At that stage in his artistic career, Jesic was gravitating from still life genre to painting wildlife, with a particular interest in showing birds in their natural environments.
The eagle he saw that day was too distant to catch by photography, instead Jesic absorbed the majesty of that fleeting moment.
That distant scene never became a distant memory, though. Even as his career as a wildlife artist took off internationally and commissions rolled in, Jesic didn't lose the urge to depict that moment from a bird's eye perspective.
He continued to seek out opportunities to observe wedge-tailed eagles, spending hours photographing them at sanctuaries and zoos and noting the way their wings moved and positioned mid-flight.

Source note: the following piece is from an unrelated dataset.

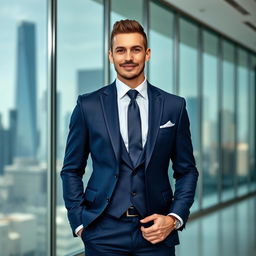 A confident businessman wearing a luxurious, tailored dark blue jazz suit, complete with a stylish white shirt and a sleek tie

After the loss of his wife Bernadette, Jesic resolved to make finishing the work his top priority. It was her wish that he continue growing as an international artist, and this was the mightiest task on his list.
Jesic is now considered the world's top wildlife painter, winning a string of major awards in the past decade. His work, which has been exhibited by Sotheby's, is acclaimed for showing animals as individuals in their natural habitats as well as depicting species with scientific accuracy.
To research his most awarded work, Morning Reflections, of a Scarlet Macaw, Jesic spent four days sitting inside an aviary.
"It was absolutely glorious," he says. "But I had to be careful because macaws crack macadamia nuts like they're peanuts."
He then immersed himself in "a beautiful garden of proper species of South American plants" to get the setting right.
Monarchs of the Sky, his painting which brings that long-distant moment into view, sold before it was even quite finished, fetching the highest price ever achieved for a painting of a living artist at the Hunter Valley's Morpeth Gallery, where one exhibition wing is dedicated to wildlife art.
It has been bought by a Hunter Valley couple.
Trevor Richards, owner of the gallery, says there has been much stronger demand for realistic images of the natural world over the past two years.
"Many paintings have been selling before they are even hung on the gallery wall," Richards says.
"Customers want it, the artists have not been able to keep up."
Speed is not the world of the wildlife artist. Jesic, says Richards, "is one pedantic painter".
"It takes him so long to do a painting, every square millimetre must be faultless, even the glaze," Richards says. "You have no idea the lengths he goes to making sure it is flawless."
Jesic spent months just on the design phase of the 1.1m x 2m work, pulling together compositional concepts from the thousands of photographs he took.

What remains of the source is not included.